→ What you should do:
Count every line of the data that includes "Фото". State only the number.

→ Supplied data:
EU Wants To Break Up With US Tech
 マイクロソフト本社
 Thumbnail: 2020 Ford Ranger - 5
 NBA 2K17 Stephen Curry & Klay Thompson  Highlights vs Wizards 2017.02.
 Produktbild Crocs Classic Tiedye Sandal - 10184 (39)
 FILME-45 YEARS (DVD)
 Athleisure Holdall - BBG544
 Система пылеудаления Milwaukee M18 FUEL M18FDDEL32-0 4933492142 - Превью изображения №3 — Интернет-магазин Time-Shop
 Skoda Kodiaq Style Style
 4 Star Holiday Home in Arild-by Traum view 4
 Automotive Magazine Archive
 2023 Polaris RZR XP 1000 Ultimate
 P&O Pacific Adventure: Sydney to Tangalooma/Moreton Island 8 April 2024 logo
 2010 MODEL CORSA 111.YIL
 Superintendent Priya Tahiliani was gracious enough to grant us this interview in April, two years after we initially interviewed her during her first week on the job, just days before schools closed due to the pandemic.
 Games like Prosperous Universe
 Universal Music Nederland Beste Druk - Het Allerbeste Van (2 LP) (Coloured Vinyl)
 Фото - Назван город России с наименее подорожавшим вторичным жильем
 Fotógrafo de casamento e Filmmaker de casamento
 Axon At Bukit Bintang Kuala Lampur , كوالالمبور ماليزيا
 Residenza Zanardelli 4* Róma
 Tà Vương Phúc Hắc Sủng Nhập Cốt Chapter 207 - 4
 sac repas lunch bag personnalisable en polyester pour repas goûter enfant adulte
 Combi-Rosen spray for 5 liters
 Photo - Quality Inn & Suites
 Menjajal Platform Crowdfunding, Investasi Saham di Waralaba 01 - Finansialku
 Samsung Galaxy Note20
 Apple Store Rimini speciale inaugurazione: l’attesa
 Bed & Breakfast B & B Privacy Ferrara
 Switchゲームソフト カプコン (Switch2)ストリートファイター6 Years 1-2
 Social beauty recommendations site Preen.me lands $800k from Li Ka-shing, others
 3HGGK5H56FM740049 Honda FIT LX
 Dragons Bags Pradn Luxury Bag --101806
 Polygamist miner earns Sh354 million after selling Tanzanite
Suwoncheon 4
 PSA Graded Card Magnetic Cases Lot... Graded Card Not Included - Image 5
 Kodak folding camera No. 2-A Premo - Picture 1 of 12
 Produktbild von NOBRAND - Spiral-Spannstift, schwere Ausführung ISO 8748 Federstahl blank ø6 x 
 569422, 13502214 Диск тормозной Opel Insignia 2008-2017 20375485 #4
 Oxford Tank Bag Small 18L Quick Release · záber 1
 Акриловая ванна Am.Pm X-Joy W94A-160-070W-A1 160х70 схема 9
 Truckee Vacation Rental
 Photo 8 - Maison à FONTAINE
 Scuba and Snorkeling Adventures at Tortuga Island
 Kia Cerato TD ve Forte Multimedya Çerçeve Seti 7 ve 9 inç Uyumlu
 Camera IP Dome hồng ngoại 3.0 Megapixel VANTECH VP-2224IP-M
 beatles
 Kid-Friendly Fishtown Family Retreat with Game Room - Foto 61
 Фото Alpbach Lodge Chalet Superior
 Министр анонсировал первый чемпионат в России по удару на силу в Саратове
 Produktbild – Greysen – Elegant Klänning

→ Finished task:
2